L’innovation alimentaire : un défi ou une réalité quotidienne ?
Article publié dans Les Marchés
L’adoption du règlement (UE) no 2015/2283 a assoupli la procédure d’autorisation des nouveaux aliments et mis en lumière l’importance de l’innovation comme un moteur de compétitivité, sans pour autant renoncer à un niveau élevé de sécurité alimentaire
Le concept de nouvel aliment, « novel food », fait désormais partie du vocabulaire courant des opérateurs de la chaîne alimentaire. Toutefois, ces derniers restent confrontés à certains défis, notammentpour déterminer le caractère nouveau ou non de leur ingrédient. Depuis 1997, ces « nouveaux aliments » sont
soumis à une procédure d’autorisation européenne (réactualisée en 2018). Ainsi, un aliment est considéré comme « nouveau » si, d’une part, la consommation humaine de cet aliment est restée négligeable au sein de l’UE avant le 15 mai 1997 et, d’autre part, s’il relève d’au moins une des dix catégories expressément décrites dans le règlement (UE) no 2015/2283.

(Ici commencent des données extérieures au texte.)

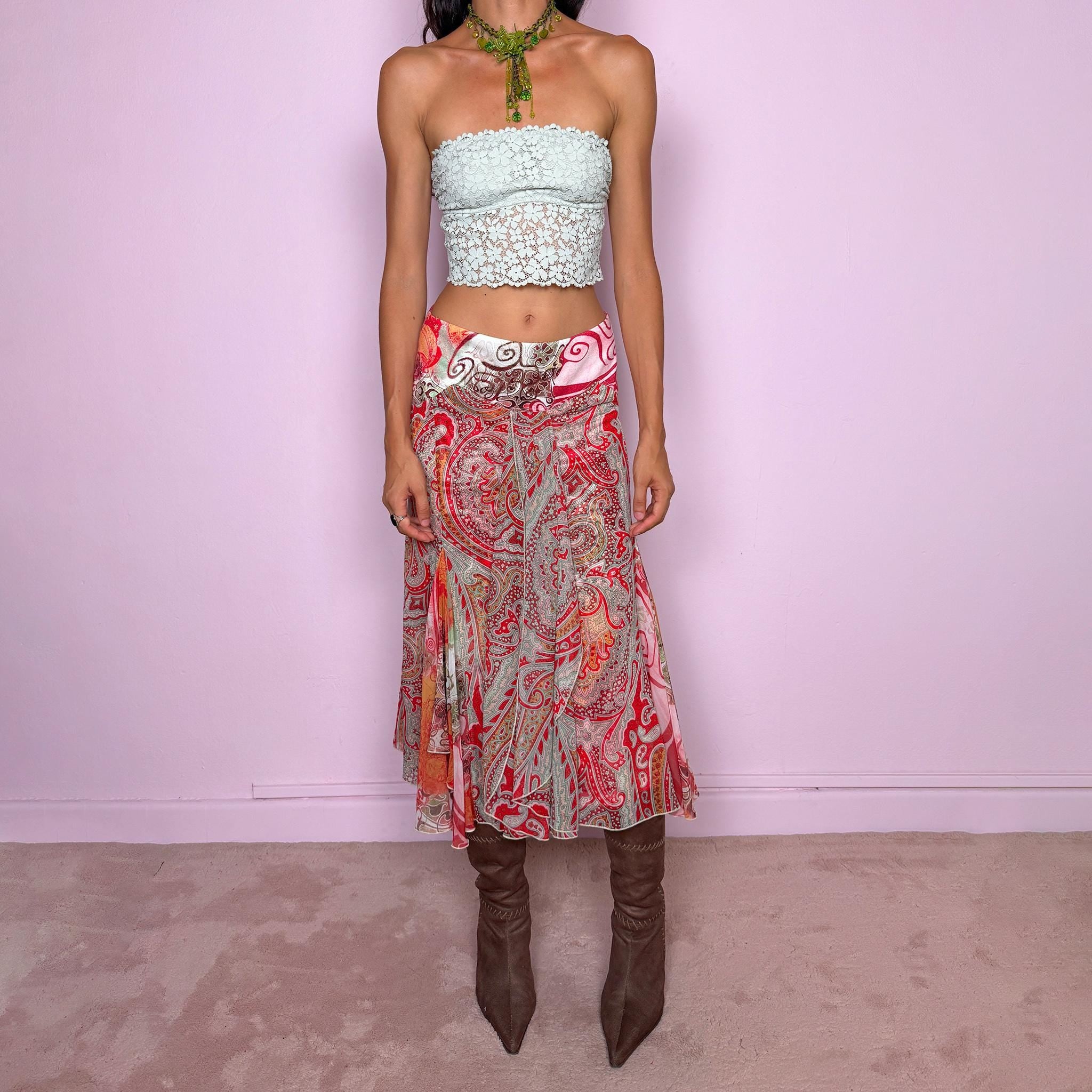 Vintage 2000s 100% silk midi skirt featuring a richly layered red, pink, and earthy-toned paisley and abstract print. The design combines a printed underlayer with a semi-sheer silk overlay, creating depth and movement as the two patterns interact. Cut with multiple godet inserts for a fluid flared silhouette and softly asymmetric hem, giving the skirt a romantic maximalist, art-to-wear feel. Non-stretch with a back zip closure. Can be worn mid-rise for size S or lower on the waist for size XS.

Parmi ces catégories, on retrouve les denrées qui se composent de micro-organismes, de champignons ou d’algues, qui résultent d’un procédé de production qui n’était pas utilisé pour la production de denrées alimentaires avant ladite date, ou encore, qui se composent de nanomatériaux manufacturés.
Qu’entend-on par nouvel aliment ?
L’appréciation du caractère nouveau ou non d’un ingrédient incombe aux opérateurs alimentaires. Cela nécessite de procéder à une analyse, à la fois scientifique et réglementaire, du statut de l’ingrédient qui résultera d’un procédé appliqué à une matière première. Ainsi, si l’origine de l’ingrédient est, bien entendu, déterminante pour qualifier un aliment de « nouveau », le procédé de production constitue également un élément important de l’analyse, celui-ci, pouvant affecter les caractéristiques de l’ingrédient et le faire basculer dans la catégorie « nouveau ». La nuance est de taille. Selon le procédé utilisé, un même ingrédient pourra être placé librement sur le marché ou devra être autorisé par la Commission européenne, après une évaluation de son innocuité par l’Agence européenne de sécurité alimentaire.
Procédure d’autorisation
La fermentation constitue une bonne illustration de cette difficulté. Bien que cette technique constitue l’une des plus anciennes méthodes de traitement et de conservation des aliments, son utilisation – notamment lorsqu’il s’agit de fermentation de précision – peut avoir pour but ou résultat de modifier les propriétés organoleptiques ou nutritionnelles d’une matière première. Ces changements doivent être précisément évalués, afin de déterminer si l’ingrédient issu du procédé de fermentation tombe alors dans le champ d’application du règlement « novel food ».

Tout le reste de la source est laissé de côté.